Титул же чемпиона СССР в составе звездного минского СКА Михаил Якимович выиграл дважды — на излете советской эпохи в конце 80-х. А практически все 90-е провел в Испании, выступая за мощные «Теку» и «Сан Антонио». От испанского гражданства грозный бомбардир отказался и даже в самые непростые времена не отказывался прийти на помощь сборной Беларуси.

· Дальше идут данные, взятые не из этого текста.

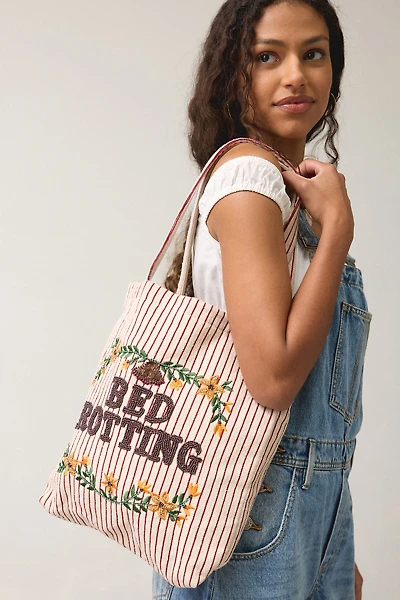 Tote-ally Beaded Tote Bag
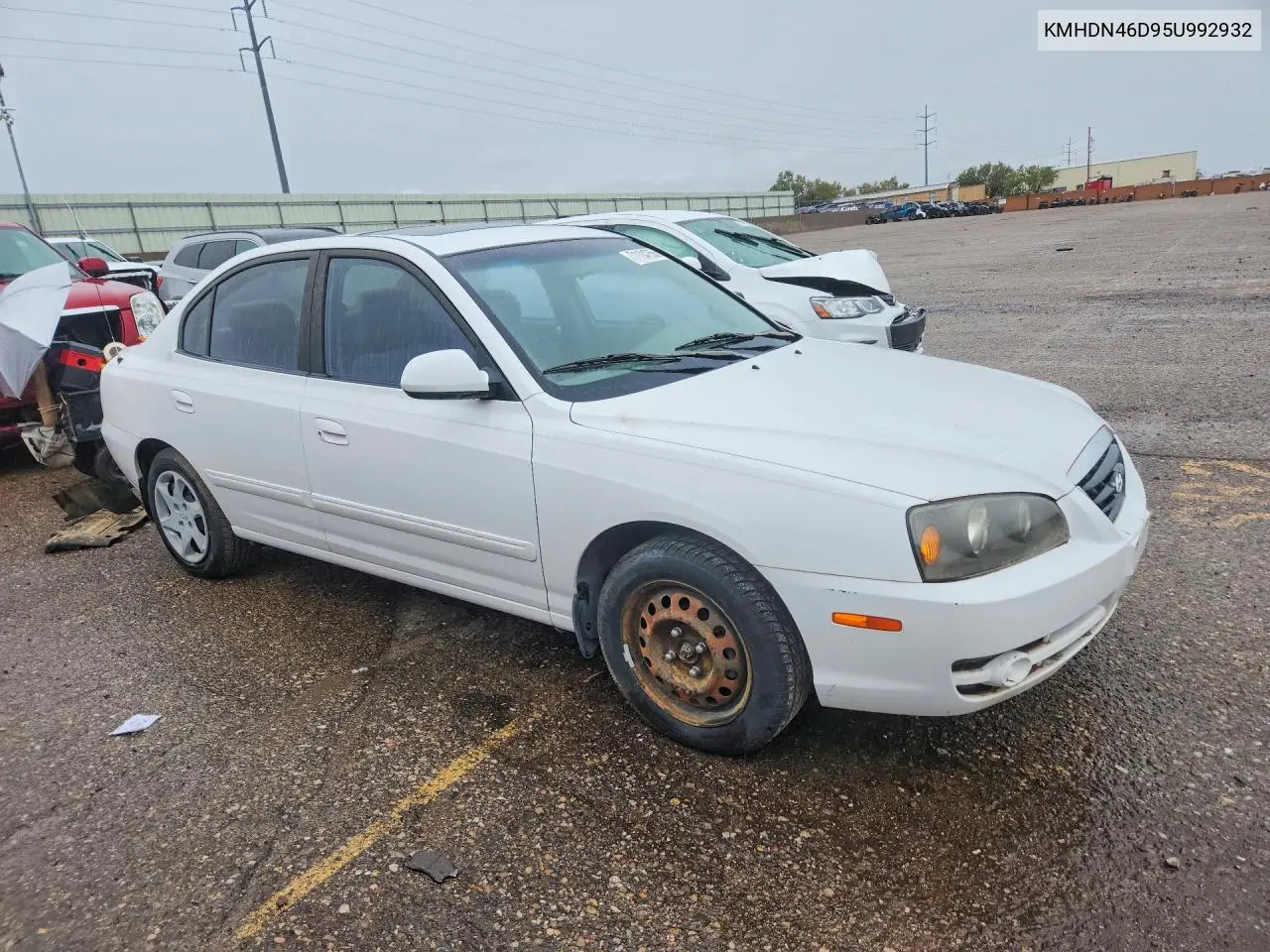 2005 HYUNDAI ELANTRA VIN KMHDN46D95U992932 — фото 4
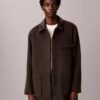Melton Wool Blend Car Coat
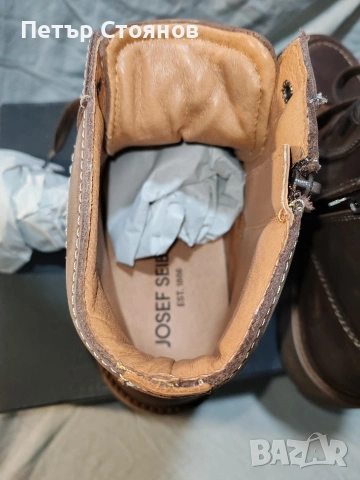 Мъжки боти от естествена кожа Josef Seibel №44, снимка 8 - Мъжки боти - 53070868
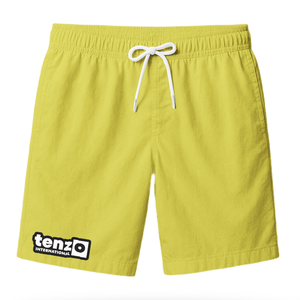 Pantalones Cortos Casuales Sólidos para Hombre, Material Personalizado, Transpirables, de Secado Rápido, Cintura Alta con Cordón, para Gimnasio, Playa y Ropa Urbana - Product Image 4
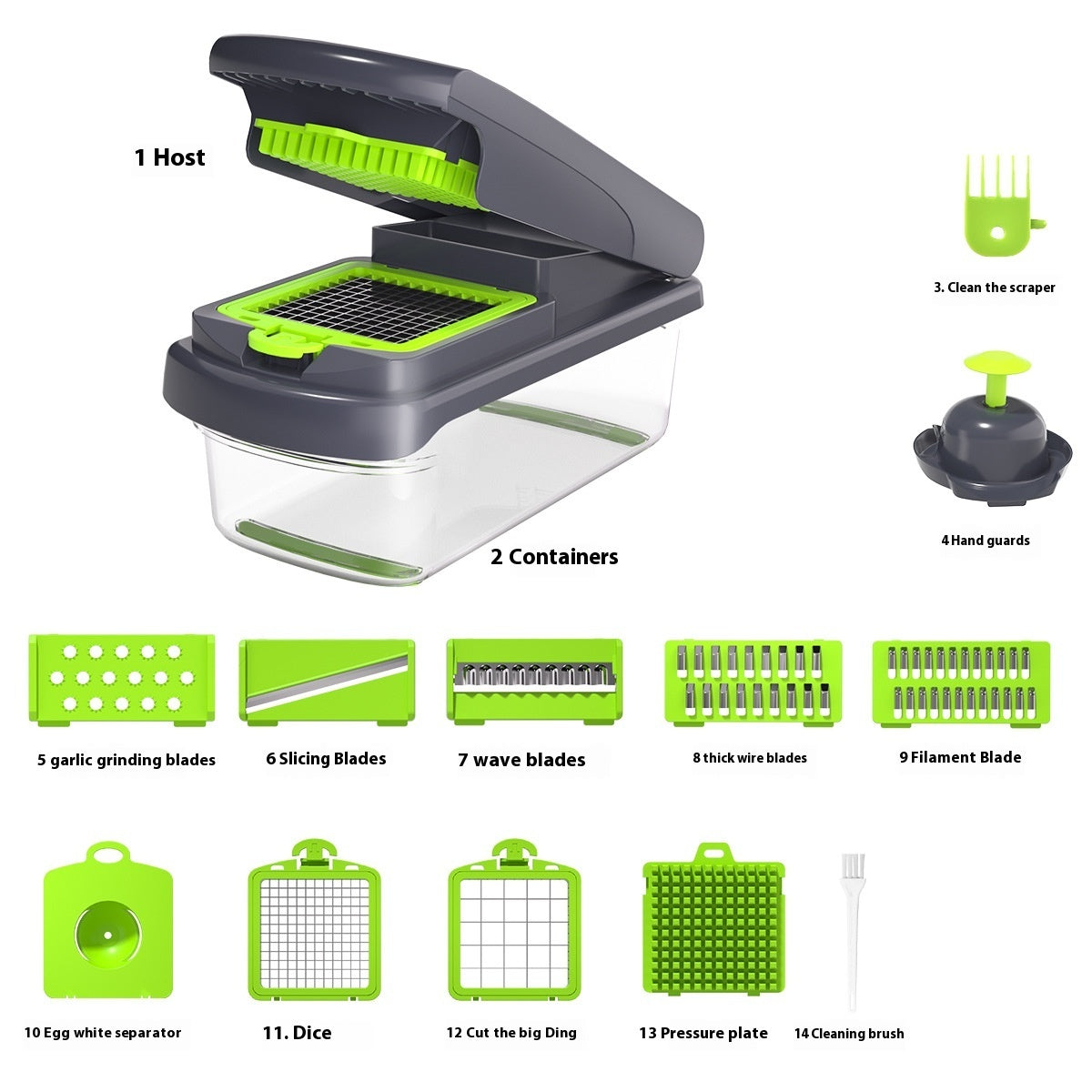 15-in-1 Vegetable Chopper with Container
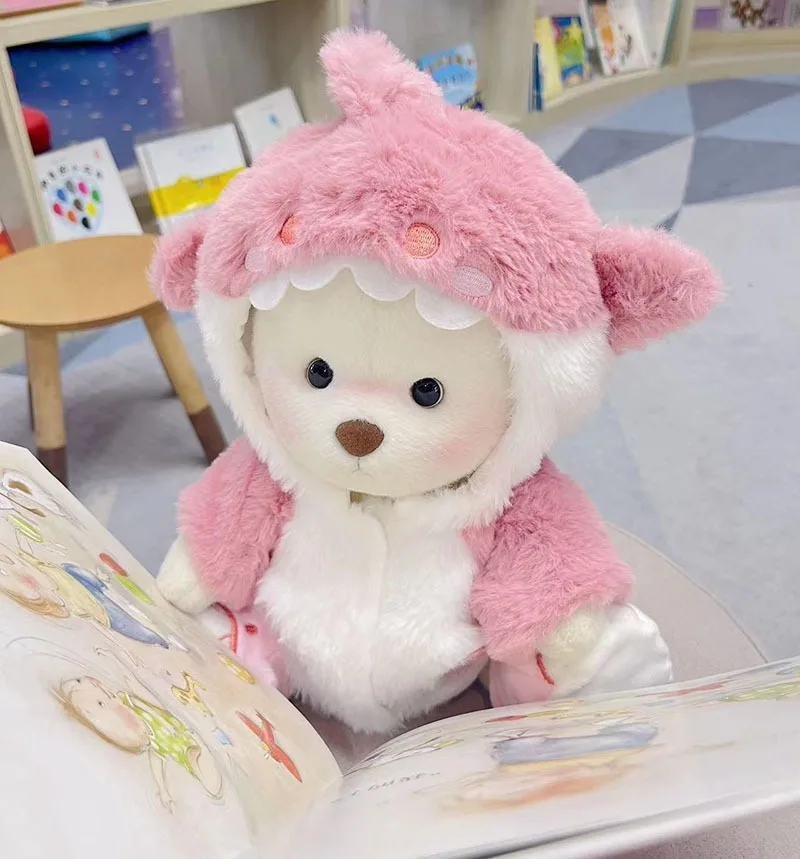 

30 см кукольная одежда, мягкий медведь, белый, коричневый, косплей, кавайная игрушка, набор аксессуаров в стиле аниме, милый мультяшный друг, подарок на день рождения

Завершив карьеру в 2004-м, от большого спорта Якимович дистанцировался. Его имя мелькает в прессе нечасто. Но вот мемуарное общение получилось настолько основательным, что публикацию интервью с легендарным полусредним мы решили разделить на две части. Уж больно не хотелось прореживать череду занимательных окологандбольных историй и баек, каких в памяти нашего героя — на добрую книгу.
— Как поживаете, Михаил Иванович? Давно о вас не слышали.
— Живу в белорусском Борисове. Занимаюсь в основном воспитанием внучки — родилась год назад. Перед этим сотрудничал с федерацией гандбола. Но решил, что лучше сосредоточиться на семье.
— Последнее, что довелось про вас слышать, — это история, связанная с бизнесом по поставкам кофе.
— Мой кофейный бизнес уже завершился. Хотя начинался он неплохо. Сначала собирался заняться с другом поставками оливок, а с кофе как-то само собой вышло. Познакомился с почетным консулом Беларуси в Испании Альфонсо Хурадо Месой, который вместе с братьями держит в Аликанте кофейную фабрику. Хороший мужик.
Мы побывали в «Евроопте» (белорусская частная сеть продовольственных магазинов) и предложили поставлять туда кофе. У нас попросили грузовик с пробной партией, и с этого все началось. За три года продали немало. А потом белорусские партнеры предложили за наш кофе совсем уж смехотворную цену, мы не нее на согласились, и на этом все закончилось. Но это уже давно было — года три-четыре назад.
— Сейчас у вас есть свое дело?
— Есть. Но главный бизнес все же — это воспитание внучки.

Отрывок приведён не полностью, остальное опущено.